The work's best perk, former binner Ken Lyotier said, is that it's always surprising. He found a strip of 6/49 lottery tickets in one trash heap. In another, he found a nugget of gold, which he sold for $60.

In the city's downtown West End, one of North America's most densely populated swaths of urban land, binners' are as much a part of the landscape as the ocean and the mountains. At night, their shopping carts jangle on the pavement. During the day, they lie in wait in the alleys, on the lookout for apartment dwellers descending with garbage bags.

One of the reasons why scavenging is so popular in Vancouver is that British Columbia offers refunds on deposits for all drink containers, in fact, except milk. And in the heart of the city's Downtown Eastside, there's a huge depot where recyclers can return as many containers as they wish. Up to 700 people a day file into the noisy outlet with bags of recyclables. The depot, a registered charity, ships out about 60,000 containers each day. It was started by Mr. Lyotier, who was fed up with the runaround from retailers who refused to pay.

A skilled scavenger can redeem as much as $40 a day in glass and metal containers culled from trash bins. But Mr. Tikl's pace is more relaxed pace: about $10, enough for a day's supply of beer.

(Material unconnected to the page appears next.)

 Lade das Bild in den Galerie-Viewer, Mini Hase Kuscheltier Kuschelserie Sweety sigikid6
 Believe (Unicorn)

He works a stretch of alleys near the picturesque English Bay and prefers to call himself a professional recycler. Everything he's wearing, all the food in his "fridge," and his assortment of dishes and utensils, come from garbage bins. He's never gone hungry, he said, adding that people would be surprised at the "high-end" food that lands in the trash: "I eat damn good."

Asked what's on the menu today, Mr. Tikl opened a plastic container filled with precooked pink shrimp, salvaged from the trash that morning when they were still frozen.

Not everyone is enamoured of binner culture. Apartment dwellers have been known to approach a dumpster with their bags only to see a binner pop his head out. Others say binners leave a trail of debris after they sort through the trash.

With complaints mounting, city officials considered padlocking dumpsters. Faced with the threat of a lockout, Mr. Lyotier convened a meeting at his recycling depot, inviting Vancouver's top binners to hash it out with city staff.

The idea for uniforms and badges actually came from the binners, who feared for their livelihoods if dumpsters were padlocked.

Mr. Lyotier said the uniforms could be informal, even just a T-shirt and cap. But the plan has fallen flat with some scavengers, who say it runs counter to a street person's disdain for rules and regimen.

Mr. Tikl said the residents who live in his trapline already know him and trust him. "I'm neat and tidy." He's worried that city hall's real agenda is to crack down on street people before the 2010 Winter Olympics.

City officials deny this, saying they are simply responding to residents' complaints. Kevin Van Vliet, an engineer in the city's solid waste management division, said there is respect for the binners' role, noting they divert thousands of bottles and cans from landfills each week.

But some residents have genuine fears, he said.

"[Uniforms]might be a way to identify them and say to people: 'I'm a responsible binner. I'm not a mugger.' "

Mr. Van Vliet conceded, however, it could be tricky regulating the eccentric group. "If you give out a vest, can you take it back if the guy turns out to be a mugger?"

As for Mr. Tikl, he said he'll wear a badge and uniform if forced to.

"I guess I will," he said. "Because this is my living."